What to do:
Pictures are not part of the answer. Return the lines from the one containing "Aelia Construction and Design" through the end of the data, both included, exactly as they appear.

Records for processing:
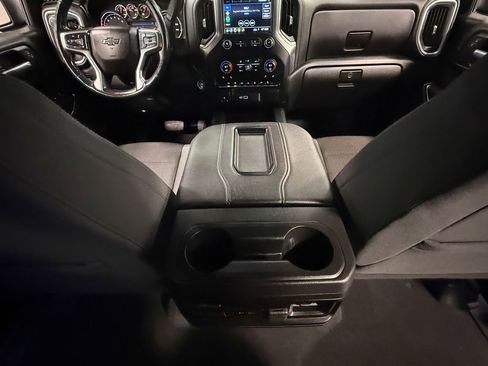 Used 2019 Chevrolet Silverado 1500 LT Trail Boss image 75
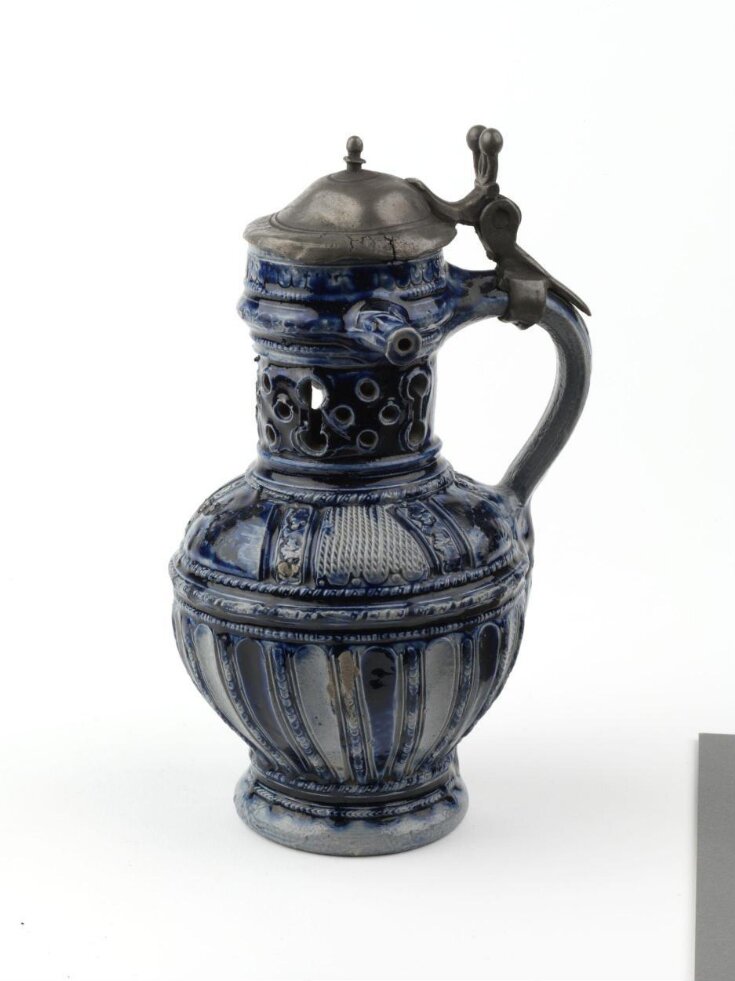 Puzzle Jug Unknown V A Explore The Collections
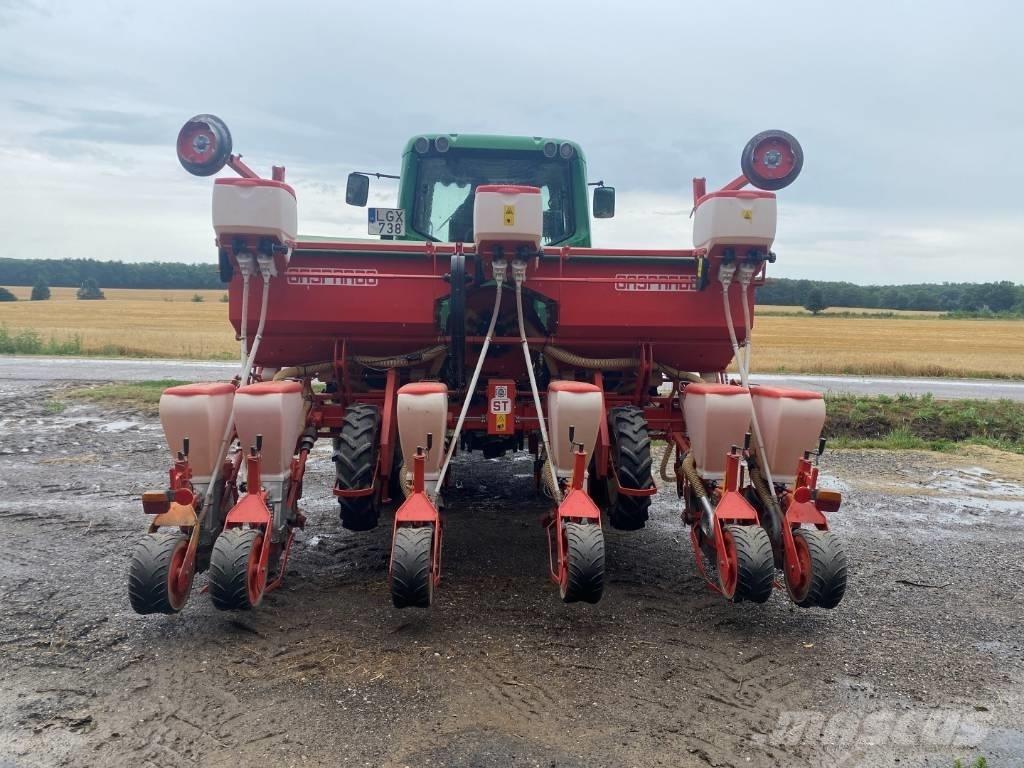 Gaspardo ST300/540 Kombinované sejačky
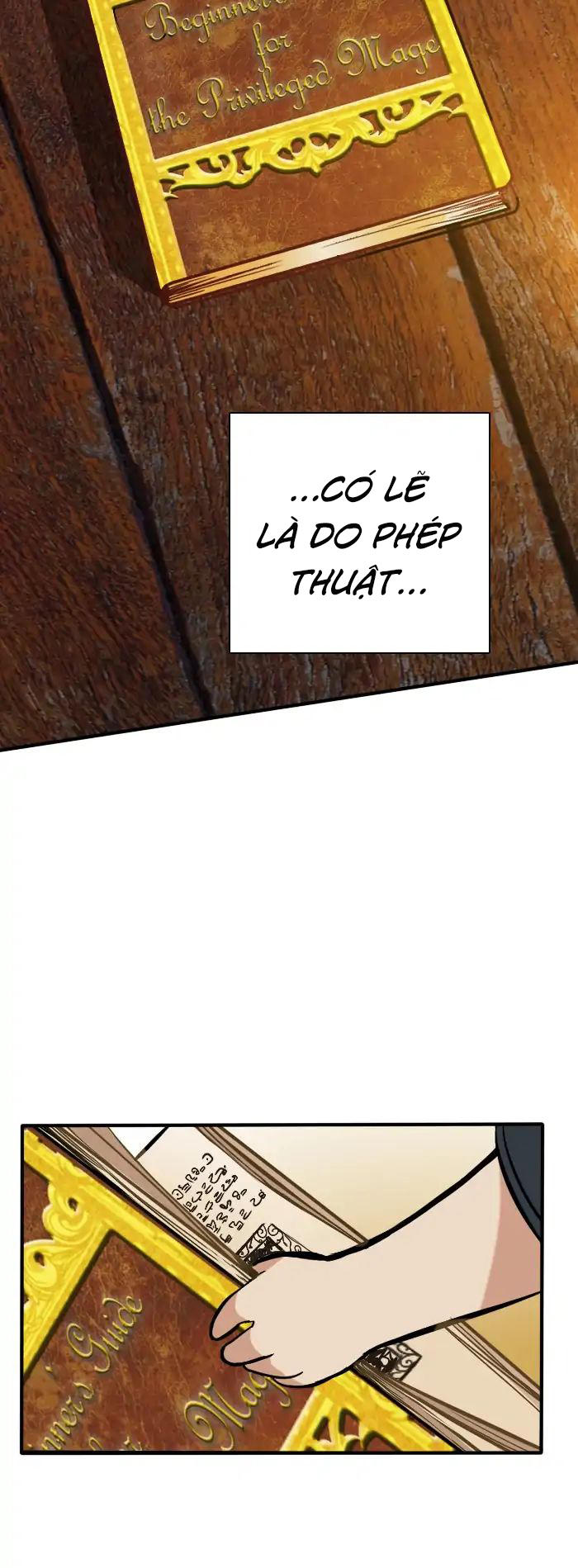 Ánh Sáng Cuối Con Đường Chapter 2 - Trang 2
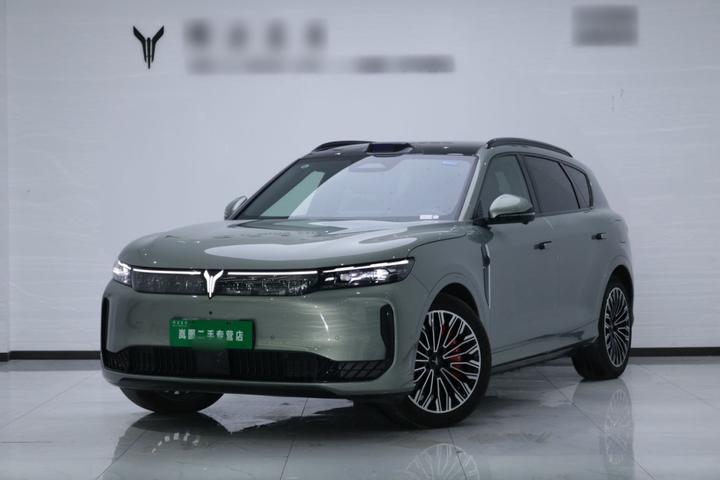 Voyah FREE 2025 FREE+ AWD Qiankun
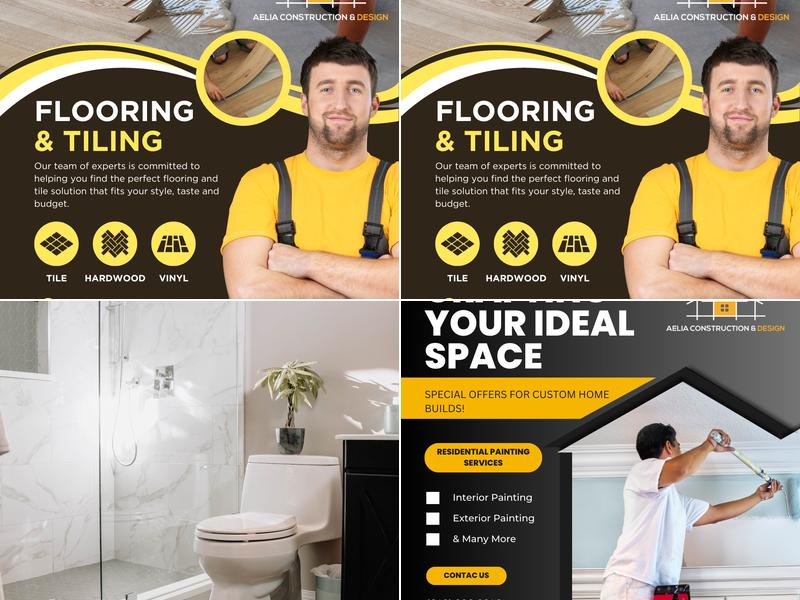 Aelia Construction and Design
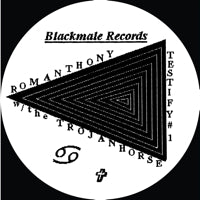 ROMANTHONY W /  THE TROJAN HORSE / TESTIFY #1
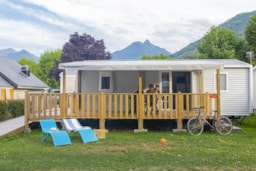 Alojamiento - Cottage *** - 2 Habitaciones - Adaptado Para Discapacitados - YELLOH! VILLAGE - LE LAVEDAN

Answer below:
 Aelia Construction and Design
 ROMANTHONY W /  THE TROJAN HORSE / TESTIFY #1
 Alojamiento - Cottage *** - 2 Habitaciones - Adaptado Para Discapacitados - YELLOH! VILLAGE - LE LAVEDAN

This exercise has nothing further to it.